Wednesday, February 27, 2008

Sunshine on Leith

Now that The Bee-man of Orn is finished I want to concentrate on this project. I think I can finish it quite quickly now - thanks to the gestation period of about 6 years, and the constant revisions and redraws.

Sunshine on Leith is an unreliable autobiography, in other words it is a work of fiction that pretends to be true. In this sense it is as fictional as any autobiography, and as true as any fiction. It is peopled with composite characters and amalgamated names, but the situations and the backdrop are all real...ish.

I was born in Leith and I did attend a lot of Hibees home games. I did get 'lift-overs' and I did move to Southhouse and kiss the gypsy girl and Violet Marlowe, and I did move to Gilmerton and I did form a superhero gang, and I did spend a lot of time scrumping (nicking apples).



The sectarianism that creeps into the young lives of my characters was then and is now still very real, as was and is the bullying.

I will be redrawing large sections of the book because it was all happening too fast. I was cramming things into the small pages that should have unfolded and been presented as single images, so I'm drawing it larger (see my Bee-man notes on not drawing same-size again).
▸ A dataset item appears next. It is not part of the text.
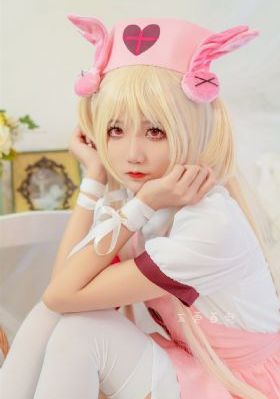 亚洲日韩制服综合中文_剧情片超清免费观看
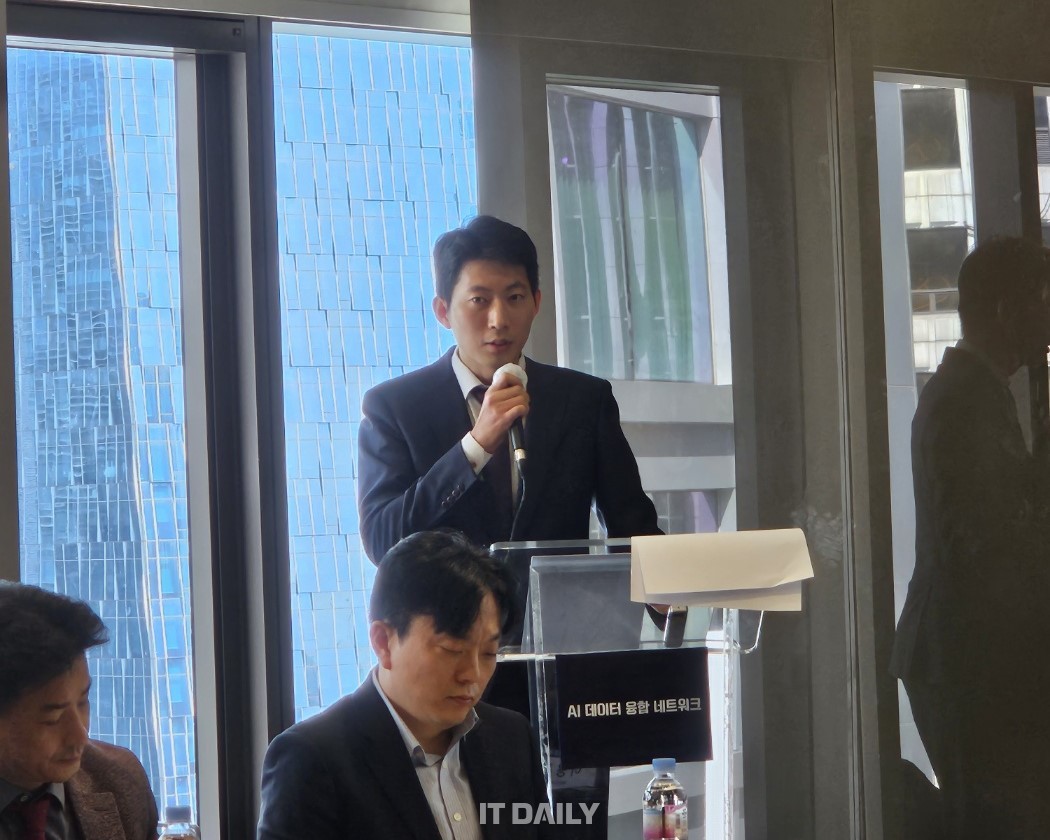 과기정통부 최우석 인공지능확산팀장이 ‘초거대 AI 데이터 정책 방향’을 주제로 발표하고 있다.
As some of you know, the book centres on a character called 'Tommy Apple' and the original title of the book was 'Strange Fruit' (a reference to intolerance and Tommy's predicament) but I changed it. The story begins not with Tommy, who is introduced much later, but with a character based somewhat on me, and like me he is born and grows up in Ballantyne Place (now demolished) at the foot of Great Junction Street, at the bottom of Leith Walk, and the one sight that makes a great impact on him is the way the sunshine floods the wide area at the foot of Walk (the Walk was the widest road in Edinburgh and the side streets are often cast in shadows), it's like looking along a long tunnel to a great pot of gold somewhere in the distance:





I'm pencilling the enlarged pages and changing them to slow the story down in some parts and speed it up in others. It's not such a huge task because I hadn't inked the newest version anyway, so really it's just like an extension of the pencil work. In the first revision I'm already up and on the wall, in the second revision I'll be up on it on the following page, and that allows me more time to establish a new character who enters the story at that point:






With any luck, this will be finished by Summer. Of course when I say 'finished' I really mean that will be when I have had quite enough of it, thank you very much. It will, of course, find its way back to me to sort spelling mistakes and to redraw hands and space word balloons better - I have no doubt.